South Australia’s Yorke Peninsula will host a new battery system to help buttress the state’s energy supply.
The 30 MW grid-scale battery will become the state’s second major energy storage project.
It joins the recently announced 129 MW Hornsdale battery project, to be built by Tesla and Neoen and funded by the South Australian government.
The new Energy Storage for Commercial Renewable Integration (ESCRI) project is expected to be operational by February 2018.
New battery backed by private industry investment
Network provider ElectraNet will design, build and own the battery at Dalrymple substation on the Yorke Peninsula and lease out the commercial operation to a major energy retailer.
Energy Minister Josh Frydenberg said ARENA will provide up to $12 million in funding towards the $30 million project.
The commitment is just over a third of the total cost of the new battery storage system.
The investment will help to deliver affordable and reliable energy as Australia transitions to a lower emissions future, Mr Frydenberg said.
With no coal power, South Australia gets 40 percent of its electricity from wind energy. Massive hikes in the price gas-power have caused the South Australian government to seek alternatives to fossil fuels.
The state is leading the nation in building new battery storage for renewables.
What the ECRIS battery system will do
The new battery will provide grid stability in multiple ways.

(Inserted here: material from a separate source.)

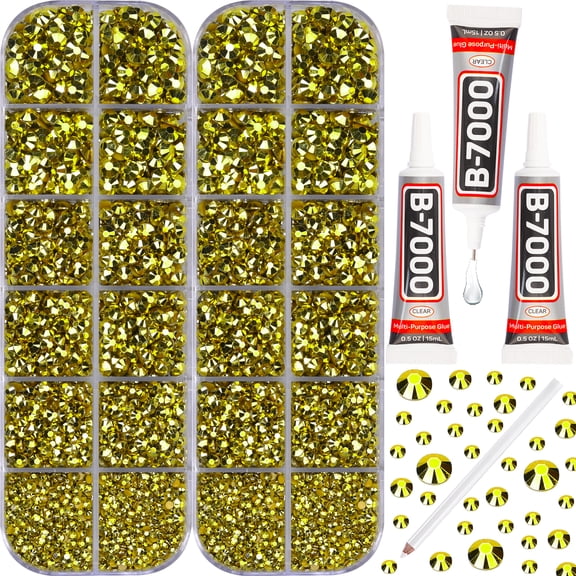 Worthofbest Flatback Rhinestones with B7000 Glue for Crafts, Flat Back Gems Crystals - Gold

Its main role will be to ramp up supply into the grid at short notice, reducing pressure on the Heywood interconnector from Victoria.

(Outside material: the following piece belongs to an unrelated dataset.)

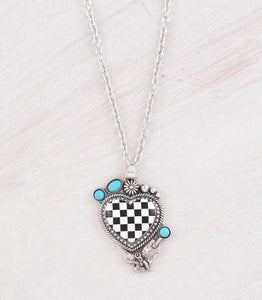 WESTERN CHECKERED HEART NECKLACE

This should put downward pressure on wholesale power prices in the state, as the connector has a limited import capacity.
Should primary generators fail, it can also deliver the equivalent of 8 megawatt-hours of generation to surrounding homes and businesses.
The battery will enhance reliability of supply in the Dalrymple service area. It can do this by acting as a microgrid with neighboring Wattle Point wind farm and local rooftop solar systems.
While not the largest battery in the world, ARENA CEO Ivor Frischknecht said the Dalrymple project demonstrates how utility scale storage can contribute to a stronger South Australian energy network.